--- Source material ---

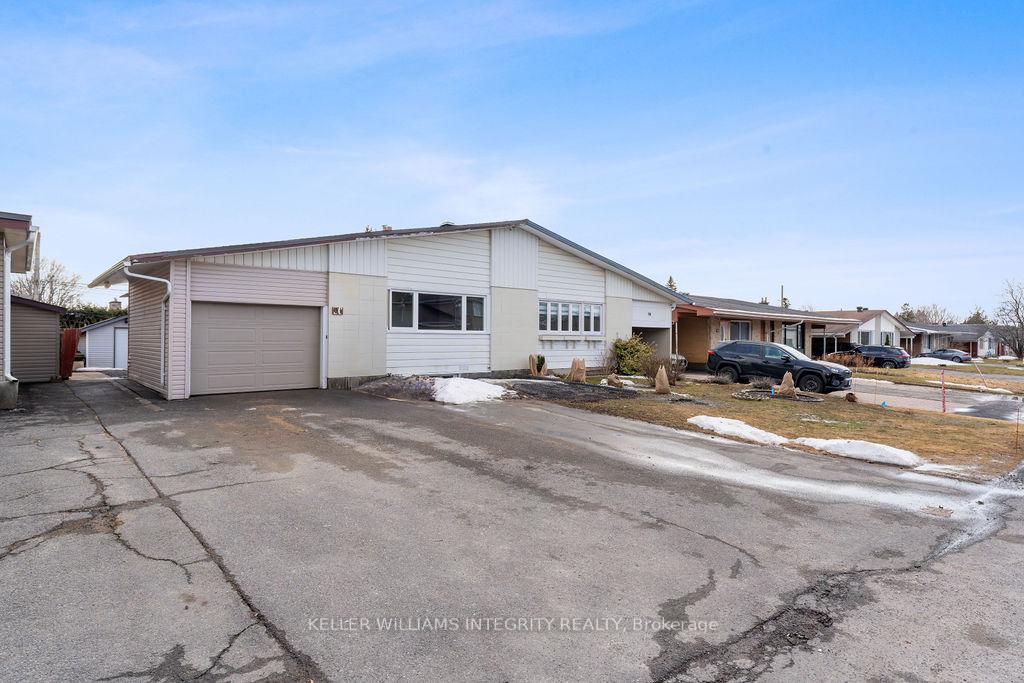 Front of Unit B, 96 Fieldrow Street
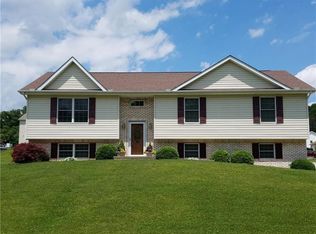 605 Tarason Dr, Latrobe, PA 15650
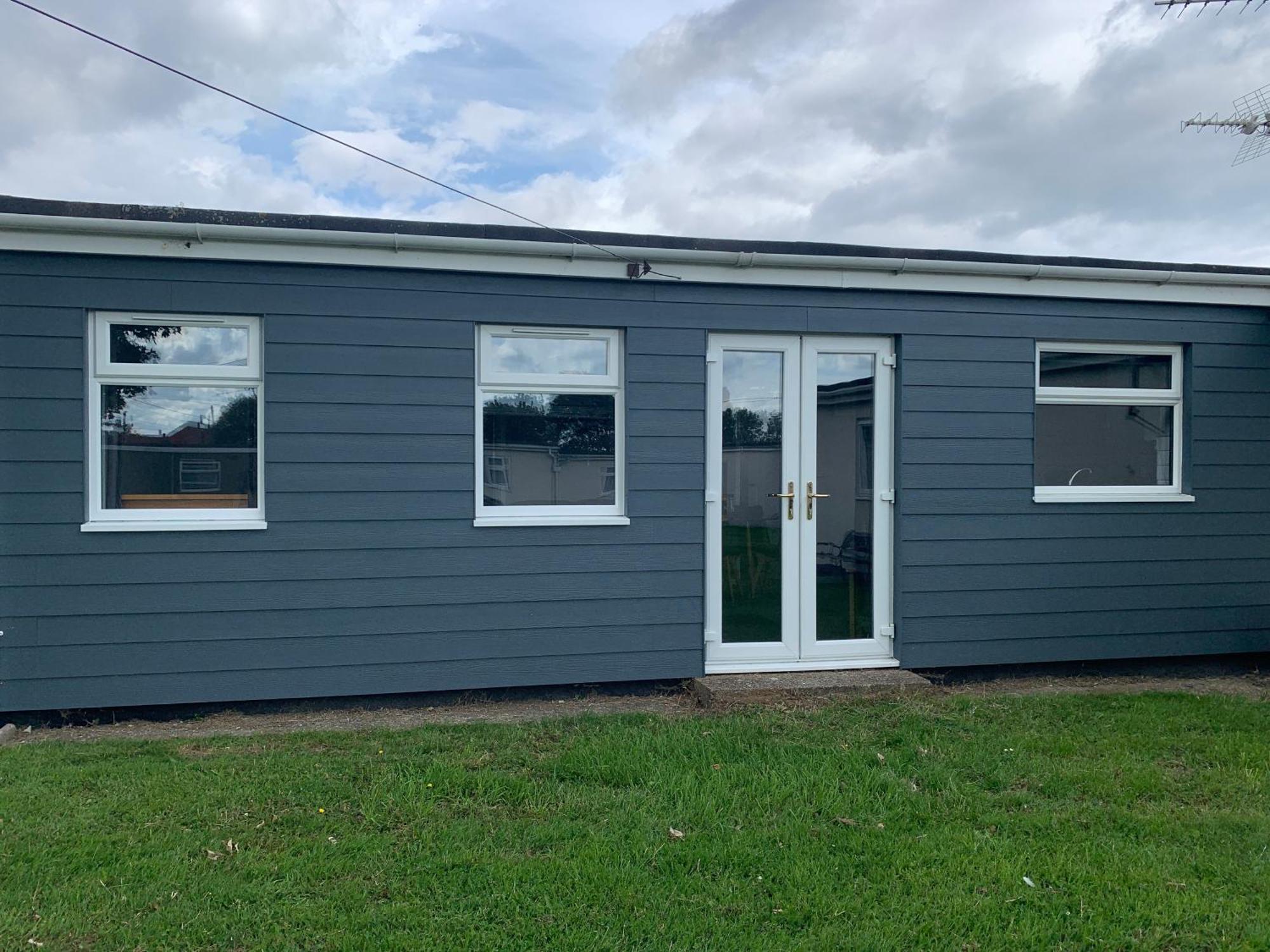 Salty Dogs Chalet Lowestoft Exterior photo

---

## [Work to complete]
Leave every picture out and copy precisely the lines from the one containing "605 Tarason Dr, Latrobe, PA 15650" through the last line of the data above, both ends included.

## [Output of the task]
 605 Tarason Dr, Latrobe, PA 15650
 Salty Dogs Chalet Lowestoft Exterior photo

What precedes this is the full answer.